# Exercise description
Without including any pictures, write out the data below exactly.

# Supplied information
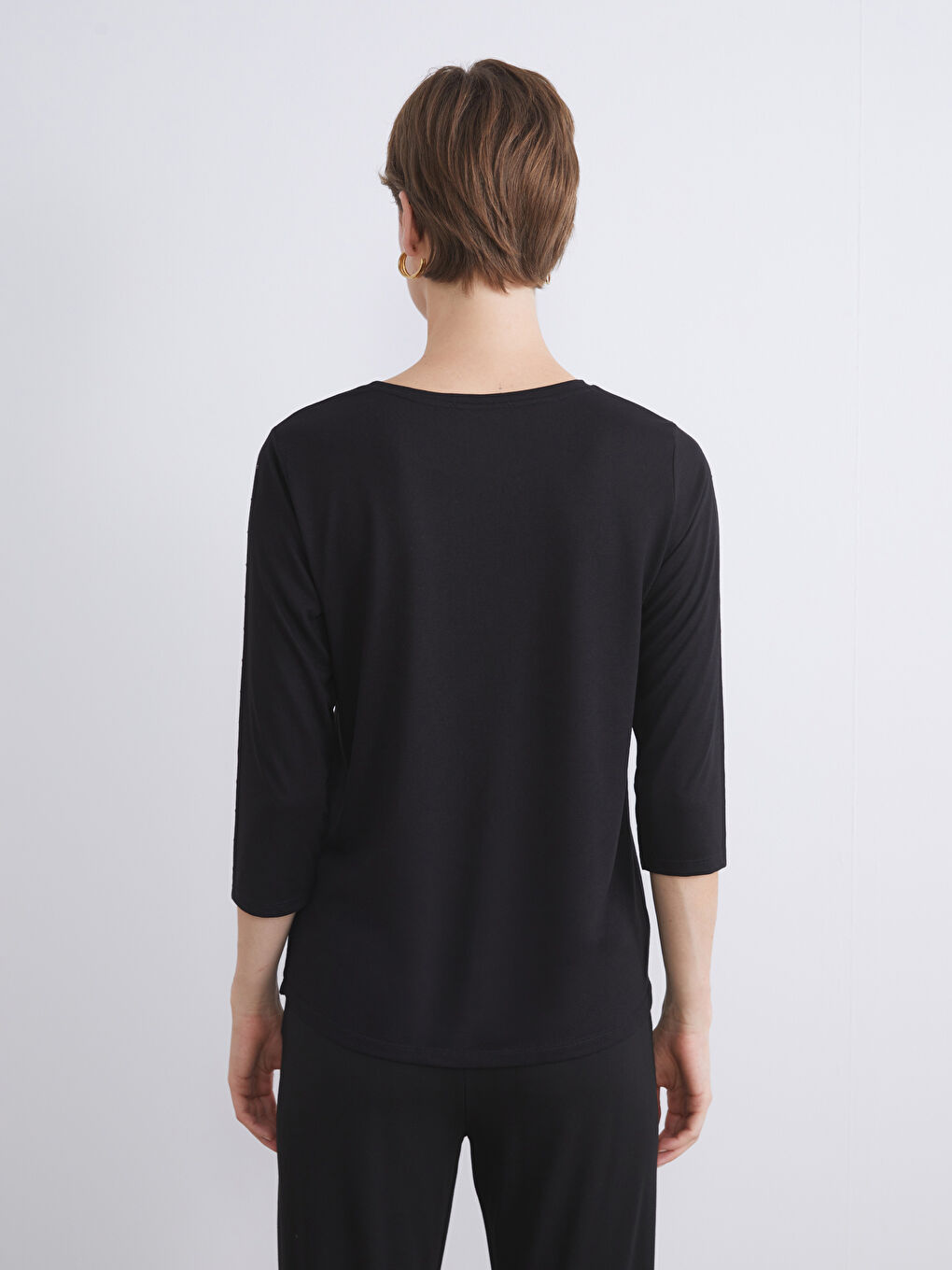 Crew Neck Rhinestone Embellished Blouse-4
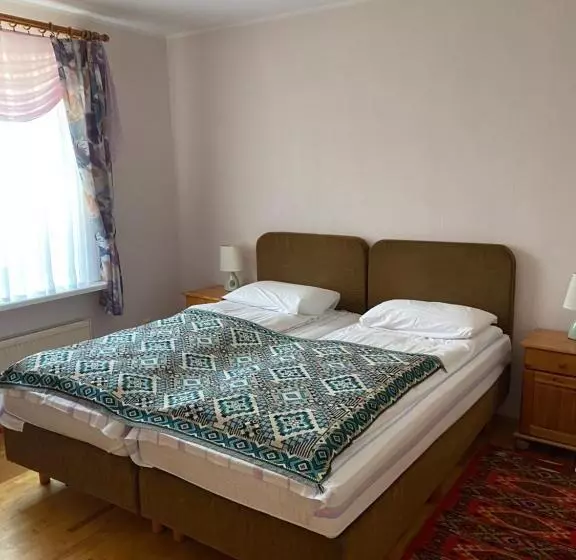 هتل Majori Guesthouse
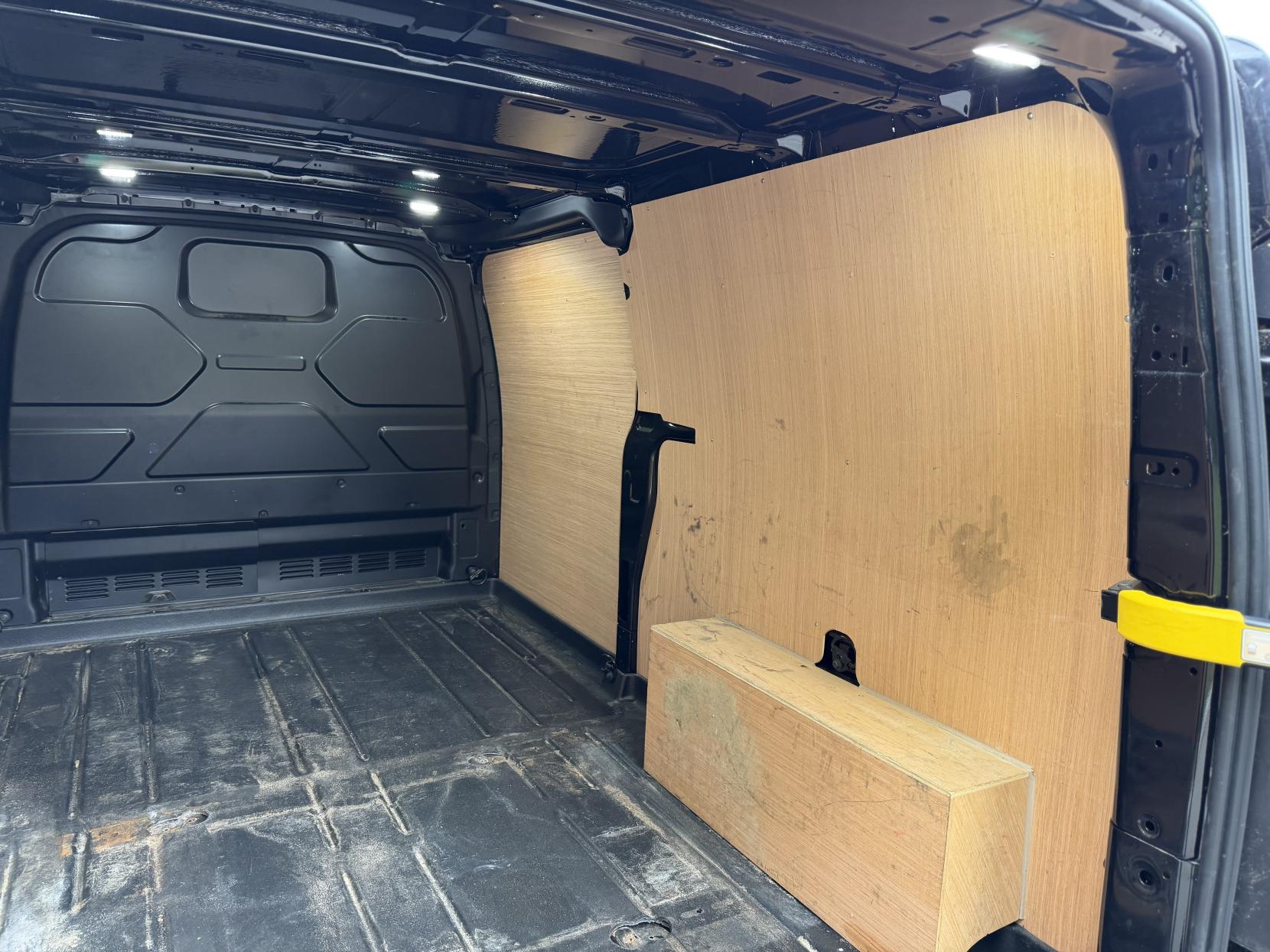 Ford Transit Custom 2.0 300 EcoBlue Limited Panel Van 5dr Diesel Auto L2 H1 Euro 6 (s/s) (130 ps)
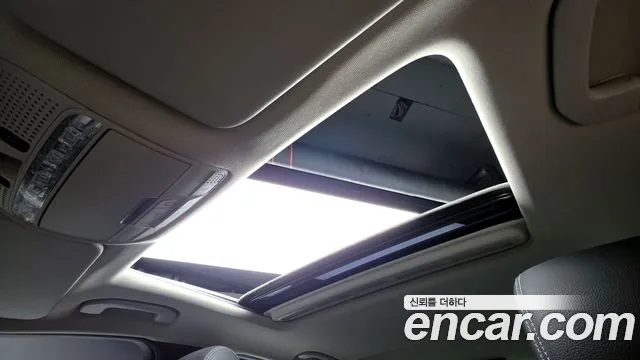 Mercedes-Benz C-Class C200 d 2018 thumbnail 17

# Answer box
 Crew Neck Rhinestone Embellished Blouse-4
 هتل Majori Guesthouse
 Ford Transit Custom 2.0 300 EcoBlue Limited Panel Van 5dr Diesel Auto L2 H1 Euro 6 (s/s) (130 ps)
 Mercedes-Benz C-Class C200 d 2018 thumbnail 17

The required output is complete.